After much discussion with the police and fire chief, the Poulsbo City Council is leaning toward limiting the days residents can discharge fireworks in city limits from eight to two days to align with Kitsap County’s regulations.
In the city’s current ordinance, fireworks can be discharged in different timeframes from June 28 through July 5 as well as New Year’s Eve. That law could change to from 11 a.m. to 11 p.m. July 4 and 6 p.m. to 1 a.m. New Year’s Eve.
The other option being considered is a fireworks ban in the city.
“I think being consistent with the county is an excellent idea,” Councilmember Jeff McGinty said. “It would be a little bit of a clarification between the two jurisdictions. I think a total ban is a little bit tough to do right now.”
Councilmember David Musgrove agreed, as did Councilmember Gary McVey, who added the loud and sudden noises of fireworks disturb pets and trigger post-traumatic stress for many people, especially those with military experience.
On the other side, Councilmember Britt Livdahl supports a total ban, citing negative effects on wildlife, small children and those with anxiety.

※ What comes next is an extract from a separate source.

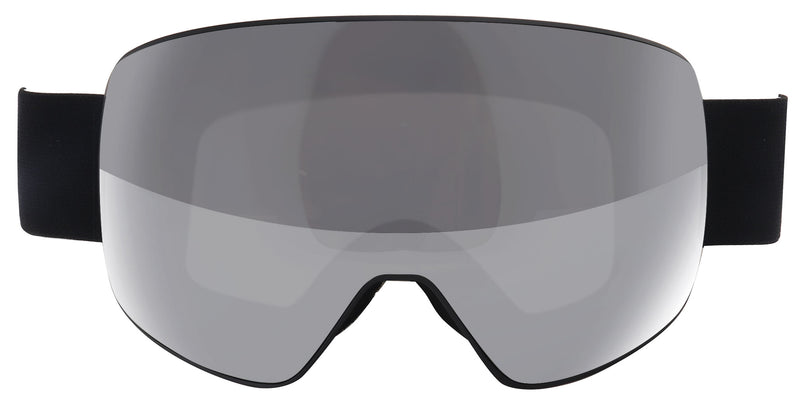 Magna Fly Magnetic Snow Goggle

She mentioned reaching out to the community to see what it wants.
The council also discussed penalties and fees. Fireworks violations are now a misdemeanor, with imprisonment for no more than 90 days, no more than a $1,000 fine, or both.
Musgrove previously suggested a different fee structure.

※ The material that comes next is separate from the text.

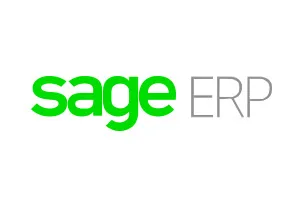 Sage ERP Integration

One option would be civil infractions with the specific monetary penalties, council documents read. That would go through municipal court, just like a traffic ticket, but the fines would be the penalty and no jail time would result.
The civil penalty could increase with subsequent violations. The city could even provide that the first one or two offenses are civil with any subsequent offenses a misdemeanor.
“Enforcement for the fireworks ordinance can be challenging because…it requires officers to see the offense,” police chief Ron Harding said. “The challenge is you have to be at the right place at the right time. We would not use force to gain compliance for a fireworks violation if there were no safety issues for people.”
Harding said if the city decides to change its law there would be increased police presence, enforcement and education during those timeframes.
Whenever the council officially votes on the law, it would not go into effect until a year later. The topic will be brought back to the council at a future meeting.